Exercise objective:
Leave out every line before the one that contains "广西这座古镇只能坐船出入,居民淳朴热情,不收门票也没有商业化". Please restate that line and the rest of the data word for word, through the end.

(Data excerpts)
◆ ◆ ◆ ◆

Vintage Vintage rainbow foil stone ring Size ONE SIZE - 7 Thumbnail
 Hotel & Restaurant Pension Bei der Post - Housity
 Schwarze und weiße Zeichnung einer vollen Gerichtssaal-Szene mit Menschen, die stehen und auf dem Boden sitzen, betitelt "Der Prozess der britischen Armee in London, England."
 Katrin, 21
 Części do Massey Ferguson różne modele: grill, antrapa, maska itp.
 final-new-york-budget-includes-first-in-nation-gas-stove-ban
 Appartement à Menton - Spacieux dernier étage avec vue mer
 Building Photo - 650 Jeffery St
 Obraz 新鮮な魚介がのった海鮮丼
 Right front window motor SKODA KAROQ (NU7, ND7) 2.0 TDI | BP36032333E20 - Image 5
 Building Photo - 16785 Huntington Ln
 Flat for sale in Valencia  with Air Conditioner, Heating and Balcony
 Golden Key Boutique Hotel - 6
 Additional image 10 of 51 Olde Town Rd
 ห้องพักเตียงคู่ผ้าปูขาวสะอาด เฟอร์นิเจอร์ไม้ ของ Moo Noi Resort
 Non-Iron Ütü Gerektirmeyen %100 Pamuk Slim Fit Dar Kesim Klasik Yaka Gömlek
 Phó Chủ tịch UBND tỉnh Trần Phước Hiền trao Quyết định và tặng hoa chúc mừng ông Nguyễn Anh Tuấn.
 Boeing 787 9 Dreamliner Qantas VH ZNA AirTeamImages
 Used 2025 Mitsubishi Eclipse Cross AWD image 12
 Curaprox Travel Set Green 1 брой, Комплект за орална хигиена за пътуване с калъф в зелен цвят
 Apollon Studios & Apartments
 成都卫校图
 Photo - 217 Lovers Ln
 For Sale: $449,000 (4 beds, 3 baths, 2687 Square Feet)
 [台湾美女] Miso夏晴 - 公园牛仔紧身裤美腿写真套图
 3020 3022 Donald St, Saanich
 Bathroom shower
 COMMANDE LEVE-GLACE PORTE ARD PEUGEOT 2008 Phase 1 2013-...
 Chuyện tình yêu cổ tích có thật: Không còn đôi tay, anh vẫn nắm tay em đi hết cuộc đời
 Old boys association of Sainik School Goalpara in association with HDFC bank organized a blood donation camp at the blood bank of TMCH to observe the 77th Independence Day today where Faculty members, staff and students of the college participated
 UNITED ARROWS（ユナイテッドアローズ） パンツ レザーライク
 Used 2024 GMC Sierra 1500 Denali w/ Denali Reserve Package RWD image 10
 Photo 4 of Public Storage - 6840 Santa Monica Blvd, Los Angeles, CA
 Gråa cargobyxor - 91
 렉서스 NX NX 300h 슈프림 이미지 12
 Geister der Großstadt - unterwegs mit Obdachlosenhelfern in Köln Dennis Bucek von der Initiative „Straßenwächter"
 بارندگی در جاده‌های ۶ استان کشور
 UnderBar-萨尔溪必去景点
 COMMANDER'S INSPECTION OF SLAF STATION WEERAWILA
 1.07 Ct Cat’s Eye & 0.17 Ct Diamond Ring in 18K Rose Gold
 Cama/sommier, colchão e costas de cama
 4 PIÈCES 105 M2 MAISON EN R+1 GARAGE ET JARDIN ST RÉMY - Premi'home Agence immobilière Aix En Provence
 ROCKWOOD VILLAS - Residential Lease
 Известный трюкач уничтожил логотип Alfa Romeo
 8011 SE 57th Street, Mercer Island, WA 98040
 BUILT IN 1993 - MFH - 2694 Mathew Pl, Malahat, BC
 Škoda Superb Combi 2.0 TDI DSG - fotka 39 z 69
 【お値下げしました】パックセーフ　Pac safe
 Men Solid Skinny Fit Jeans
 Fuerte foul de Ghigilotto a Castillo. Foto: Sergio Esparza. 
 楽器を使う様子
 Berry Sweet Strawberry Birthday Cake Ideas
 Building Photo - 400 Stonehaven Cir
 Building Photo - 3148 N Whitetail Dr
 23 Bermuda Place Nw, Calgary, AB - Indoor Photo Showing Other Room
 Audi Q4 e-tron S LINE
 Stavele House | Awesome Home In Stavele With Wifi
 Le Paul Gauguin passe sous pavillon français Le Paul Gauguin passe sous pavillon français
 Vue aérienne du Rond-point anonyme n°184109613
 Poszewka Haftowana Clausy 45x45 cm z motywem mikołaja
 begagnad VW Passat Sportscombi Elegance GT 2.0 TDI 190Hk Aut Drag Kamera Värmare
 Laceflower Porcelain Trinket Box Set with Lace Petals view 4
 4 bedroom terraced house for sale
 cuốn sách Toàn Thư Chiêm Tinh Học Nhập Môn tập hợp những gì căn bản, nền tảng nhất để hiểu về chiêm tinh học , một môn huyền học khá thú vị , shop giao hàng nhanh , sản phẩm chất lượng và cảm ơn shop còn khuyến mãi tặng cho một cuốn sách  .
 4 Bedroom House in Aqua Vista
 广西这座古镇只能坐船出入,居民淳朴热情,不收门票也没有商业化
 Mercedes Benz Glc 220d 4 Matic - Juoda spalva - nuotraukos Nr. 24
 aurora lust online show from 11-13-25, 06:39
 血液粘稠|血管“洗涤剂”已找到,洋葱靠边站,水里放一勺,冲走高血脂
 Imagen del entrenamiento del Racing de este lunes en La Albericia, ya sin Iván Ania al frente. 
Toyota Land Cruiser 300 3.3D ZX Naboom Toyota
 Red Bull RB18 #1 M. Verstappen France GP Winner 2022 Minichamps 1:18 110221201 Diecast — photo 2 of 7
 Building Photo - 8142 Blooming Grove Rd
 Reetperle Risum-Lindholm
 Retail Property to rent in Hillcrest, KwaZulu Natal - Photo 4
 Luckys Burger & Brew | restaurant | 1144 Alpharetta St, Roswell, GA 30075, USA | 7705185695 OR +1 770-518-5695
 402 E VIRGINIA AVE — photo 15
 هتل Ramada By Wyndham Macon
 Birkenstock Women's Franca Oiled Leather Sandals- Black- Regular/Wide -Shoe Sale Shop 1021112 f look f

◆ ◆ ◆ ◆

Answer section:
 广西这座古镇只能坐船出入,居民淳朴热情,不收门票也没有商业化
 Mercedes Benz Glc 220d 4 Matic - Juoda spalva - nuotraukos Nr. 24
 aurora lust online show from 11-13-25, 06:39
 血液粘稠|血管“洗涤剂”已找到,洋葱靠边站,水里放一勺,冲走高血脂
 Imagen del entrenamiento del Racing de este lunes en La Albericia, ya sin Iván Ania al frente. 
Toyota Land Cruiser 300 3.3D ZX Naboom Toyota
 Red Bull RB18 #1 M. Verstappen France GP Winner 2022 Minichamps 1:18 110221201 Diecast — photo 2 of 7
 Building Photo - 8142 Blooming Grove Rd
 Reetperle Risum-Lindholm
 Retail Property to rent in Hillcrest, KwaZulu Natal - Photo 4
 Luckys Burger & Brew | restaurant | 1144 Alpharetta St, Roswell, GA 30075, USA | 7705185695 OR +1 770-518-5695
 402 E VIRGINIA AVE — photo 15
 هتل Ramada By Wyndham Macon
 Birkenstock Women's Franca Oiled Leather Sandals- Black- Regular/Wide -Shoe Sale Shop 1021112 f look f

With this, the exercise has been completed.